Jama’ah ini sesungguhnya jama’ah yang luar biasa karena banyak-orang-orang cerdas yang ada di dalamnya. Namun terkadang kecerdasa-kecerdasan da’i yang ada di sana menyebabkan sering terjadinya pertentangan antar da’I untuk masalah-masalah yang sepele. Namun bukan pertentangannya yang menjadi permasalahan karena itu adalah dinamika dalam berjama’ah, yang harus di perhatikan adalah efek dari pertentangan itu yaitu perpecahan, terkadang seorang da’I yang “merasa kalah” dalam berdiskusi merasa tidak memiliki keputusan tersebut, merasa tidak bersepakat, dan merasa terlecehkan, sehingga setiap sang da’I “yang memenangkan diskusi” melakukan kebaikan maka da’I yang merasa kalah tadilah yang menjadi penolak pertama usul-usul yang di ajukan oleh da’i yang pertama.
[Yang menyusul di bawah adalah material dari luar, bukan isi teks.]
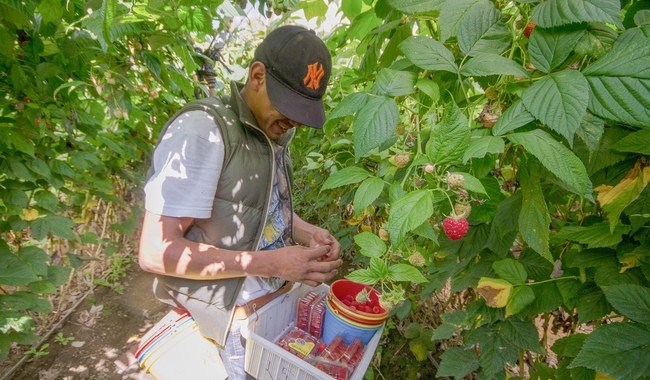 Gobierno federal inicia di&aacute;logo para implementar Certificaci&oacute;n Laboral en sector de berries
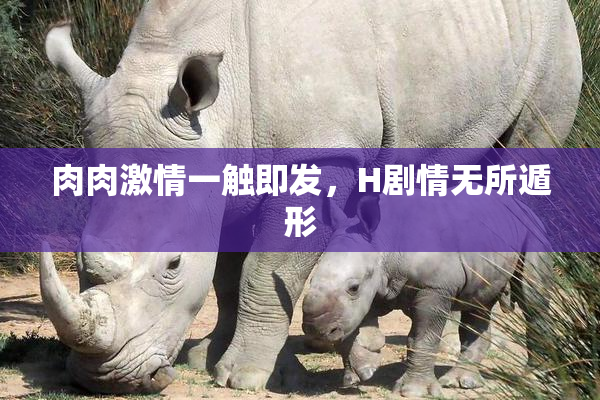 肉肉激情一触即发，H剧情无所遁形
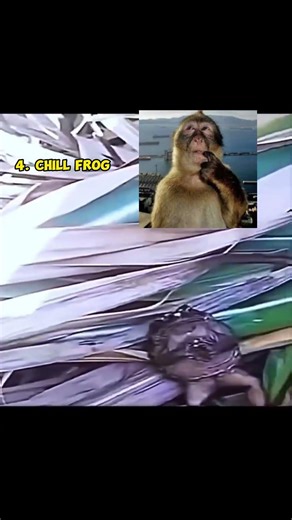 Ranking the weirdest videos on the internet! #shorts #funny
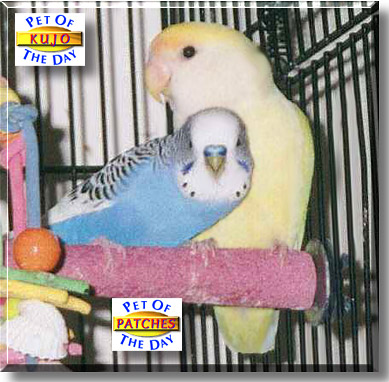 Kujo, Patches, the Pet of the Day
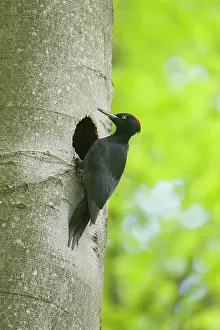 Martius: Black Woodpecker - female at nest entrance - Germany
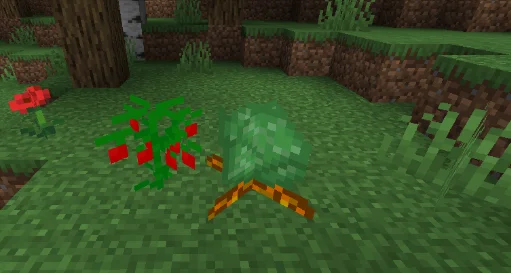 Растения с модом OctoLib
8. Malas Membaca Dan Mengikuti Kajian

Fenomena “cerdasnya” seorang da’i terkadang menghadirkan fenomena-fenomena berikutnya yaitu “kemalasan” membaca dan mengikuti kajian. Dengan alas an banyaknya amalan yang harus dikerjakan menyebabkan mereka memprioritaskan amalan tersebut dibandingkan kedua hal diatas. Padahal sesungguhnya tsaqofah seorang da’i merupakan hal yang teramat penting, karena hanya dengan tsaqofah yang mumpuni akhirnya da’wah yang di dengungkan seorang da’I menjadi mengakar di hati-hati objek da’wahnya karena kedalaman ilmunya.

9. Serampangan Dan Tidak Kontinu

Keteraturan merupakan sebuah kemestian dalam berda’wah. Namun banyak fenomena yang terjadi pada da’i yang melakukan kegiatan-kegiatan yang serampangan yang terkadang tidak dikordinasikan oleh pengelola da’wah. Bahkan terkadang kegiatan da’wah yang dia lakukan kontradiktif dengan agenda da’wah yang ada.

Selain serampangan juga banyak kegiatan-kegiatan yang dilakukan yang tidak kontinu, padahal follow up kegiatan merupakan sebuah hal yang mutlak dilakukan oleh seorang da’i. Da’wah yang “nanggung” membuat terkadang objek da’wah menjadi tidak terkondisi.

10. Paradigma Da’wah Syiar-Siyasi

Fenomena paradigm da’wah siyasi-syiar adalah yang teramat “crowded”. Karena dari dahulu sampe sekarang masih ada yang terjangkit penyakit seperti ini. Sebagian da’I ada yang berfikir klo ingin menyelamatkan diri dari da’wah tapi namanya tetap ada di wajihah da’wah maka ia harus masuk lembaga syiar karena dengan masuk syirar mereka bisa sedikit bersantai geraknya dan tidak repot-repot seperti rekan-rekan siyasi.

Namun paradigm da’i-da’i yang berada di siyasi pun harus diluruskan bahwa ketika mereka berada disana maka posisi mereka adalah penyuport utama agenda-agenda syiar walaupun ada batasan-batasan didalamnya, minimal yang wajib dilakukan oleh rekan-rekan siyasi adalah mempublikasikan agenda-agenda wajihah syiar.